Google Reports Increased Profits
typobox43 writes "According to Yahoo! News, Google has reported increased profits compared to the year-ago numbers in its first quarterly earnings report as a publicly held company. Google's revenue figures more than doubled, leaping to $805.9 million from $393.9 million. Google shares closed today at $149.38."
Tune in tomorrow for the earnings reports from railroad and textile companies, and we'll discuss whether Amazon P/E ratio makes sense to hedge funds managers.
Thank you for being with Slashdot Finance. Buy LNUX!
Say you have a bank account. You are suddenly inundated with tons of cash (almost 2 billion dollars worth!) because you pimped yourself out. Then you stick all that cash in the bank account.
Even at a very low interest rate you can get a significant return on that money.
Obviously, you'd like to do stuff with it like buy jet planes for your managers and little stickers and baseball caps for your engineers, so your total return will be less than expected. But in the end, your huge pile of cash garners you a very nice gain just at basic interest rates. Couple that with some savvy investing (no-load mutual funds!) and you can have yourself quite a bit more "revenue" than before you sold yourself out.
Well, I don't think it's entirely ads (emphasis mine)-
Google and rival Yahoo each get a significant portion of their revenue from Web search advertisements, a lucrative and fast-growing market.
That must mean that they have alternate sources. For instance, Google does sell search-boxes and the like. I'm sure there are other sources of income, too.
Despite the guaranteed criticism any company that "makes it" gets, I think Google's a good example of good ideas paying off.
Do I worry that they'll become another Microsoft or Oracle? Sure - but the best way to prevent that is to support the good that they do, while expressing directly to their feedback lines the things you don't like.
Thus far, they seem to be listening. I hope they keep up the good work!
99 percent of shareholders invest in a company for one reason and one reason only: to make money. They don't care about ethics, doing business in a friendly manner or the warm fuzzy glow inside that employees take home with them at the end of the day, they're only interested in the almighty dollar.
And, with the way that public companies have to operate by law in the US, that means doing whatever it takes: the boards of US companies are legally obliged to increase shareholder value as much as possible, and if that means no more Mr. Nice Guy, well, that's just tough for you, for me, and for anyone else that gets in the way of the bottom line.
Want to know the one way to keep a company from running into these sort of hassles? Stay privately owned rather than become a publicly traded company.
Of course, that means you can't properly compensate all the people (and venture capitalists, if any) that got you to where you are, and that presents its own set of problems including staff retention, but that's another story.
Bottom line: don't expect Google to be your best friend from mow till the day that you die.
"Accept that some days you are the pigeon, and some days you are the statue." - David Brent, Wernham Hogg
Google has region-based advertising :if I am looking for Korg from Switzerland, I'll get links to the music shops around me.

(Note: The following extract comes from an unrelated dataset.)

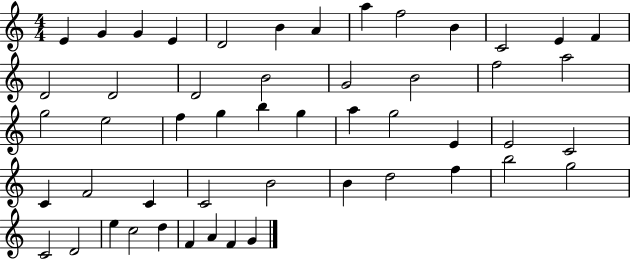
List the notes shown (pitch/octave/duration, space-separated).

E4/q G4/q G4/q E4/q D4/h B4/q A4/q A5/q F5/h B4/q C4/h E4/q F4/q D4/h D4/h D4/h B4/h G4/h B4/h F5/h A5/h G5/h E5/h F5/q G5/q B5/q G5/q A5/q G5/h E4/q E4/h C4/h C4/q F4/h C4/q C4/h B4/h B4/q D5/h F5/q B5/h G5/h C4/h D4/h E5/q C5/h D5/q F4/q A4/q F4/q G4/q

(This is the difference with many sites, incl. Slashdot who propose me some US-centric ads which I do not even care to read anyway because I am just so untargetted that it almost sounds unwelcoming.)
Anyway, it doesn't work that bad though I have one issue : people who buy advertising for their oiwn "search engines". At the end, you get their add for unrelated products and this is just polluting.
Trolling using another account since 2005.
- Closed source
- Multi-Billion dollar corporation
- Single point of information control
- Monopolistic Practices
- Secretive
Explain to me again why we should be cheering for them? Yes, it's a useful service. But MS stuff is likewise useful (despite what many of you think). So what if it's free for you to use? They still have a business model.The best thing I can say about google is that it is unsustainable. Consider if the company is worth X billion dollars now. Well, even the most armchair businessman here will tell you that it wouldn't take a billion dollars to build a duplicate google system. It wouldn't even take a twentieth of that. And, while google is nice and popular now, if a better search engine came along with slightly fewer ads or whatever else perceived benefit, it would seriously erode google's traffic and cause actualy *gasp* competition and choice for advertisers.
and no, Yahoo and its overture systems are not an alternative.. they are a different service that targets different markets.
What I am suggesting is that google is selling a very generic, easily duplicatable service if somebody just got the funding to hire the right engineers. Google knows this.. that's why they are trying very hard to build all sorts of peripheral stuff like gmail and so forth, but the fundamental (99%+) business is still the search engine.
The reason why Google has succeeded has more to do with the fact that it has an excellent product rather than the fact that it is a friendly company.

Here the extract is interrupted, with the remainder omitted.